By a 3-2 vote, the SEC proposed new regulations related to private offerings. The proposing release stated that the proposed regulations are intended to enhance the SEC’s ability to evaluate the development of market practices in Rule 506 offerings, and to address concerns that may arise in connection with permitting issuers to engage in general solicitation and general advertising under new Rule 506(c).

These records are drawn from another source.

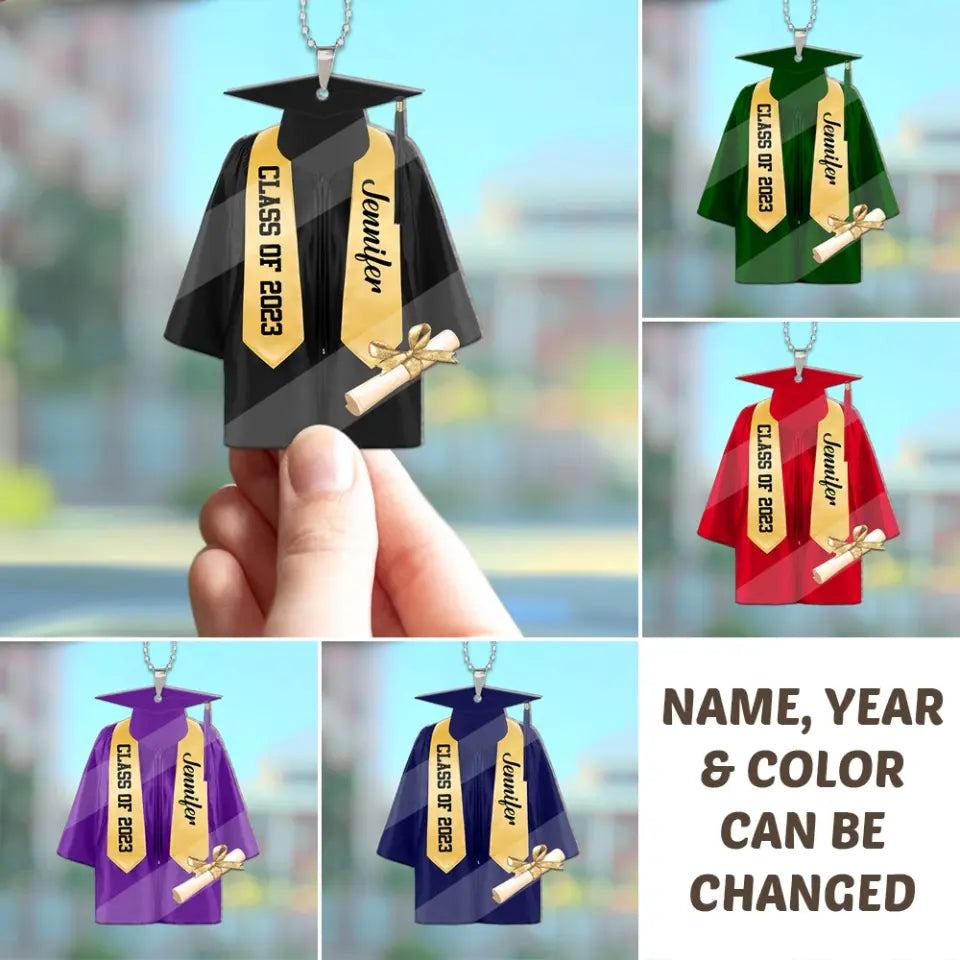Graduation Gown, Personalized Car Ornament Keychain Decoration, Graduation Gift - Car Decoration - Best Graduation Gifts - 304IHPBNOR065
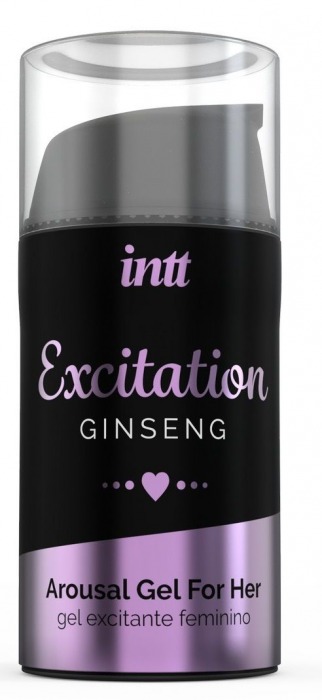 Женский возбуждающий интимный гель Excitation Ginseng - 15 мл. - INTT - купить с доставкой в Березниках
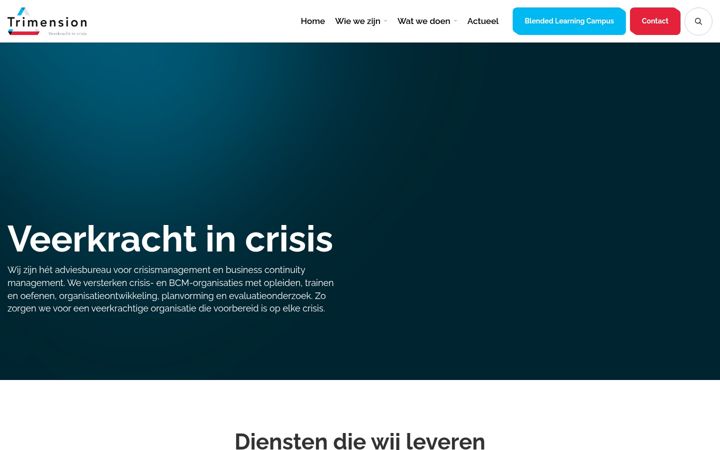 Screenshot of trimension.nl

The proposed regulations would require issuers relying on new Rule 506(c) to file a Form D no later than 15 calendar days before conducting any general solicitation activities. In addition, all issuers relying on Rule 506(b) or (c) would be required to file a Form D no later than 30 calendar days after the termination of the offering. The proposal also would expand the information required to be provided on Form D, including, for Rule 506(c) offerings, the types of general solicitation used and the methods used to verify the accredited investor status of purchasers. The SEC also proposed an amendment to Rule 507 that would disqualify issuers that did not comply with the Form D filing requirements within the preceding five years from using Rule 506 until one year after the required Form D filing(s) are made.

In addition, the SEC proposed a new Rule 509 to require legends in any written general solicitation materials used in an offering relying on Rule 506(c) and additional disclosures for private funds if such materials include performance data. The SEC also proposed to extend to the sales literature of private funds the guidance contained in Rule 156, currently applicable only to investment companies, which addresses when information in sales literature could be fraudulent or misleading for purposes of the federal securities laws. Finally, the SEC proposed a new temporary Rule 510T that would require, for the two years following its adoption, that issuers relying on Rule 506(c) submit soliciting materials to the SEC no later than the date of first use of such materials.

The comment period will be open for 60 days from publication of the proposing release in the Federal Register.

We will follow this Client Alert with a more comprehensive discussion of the new and proposed rules in the near future.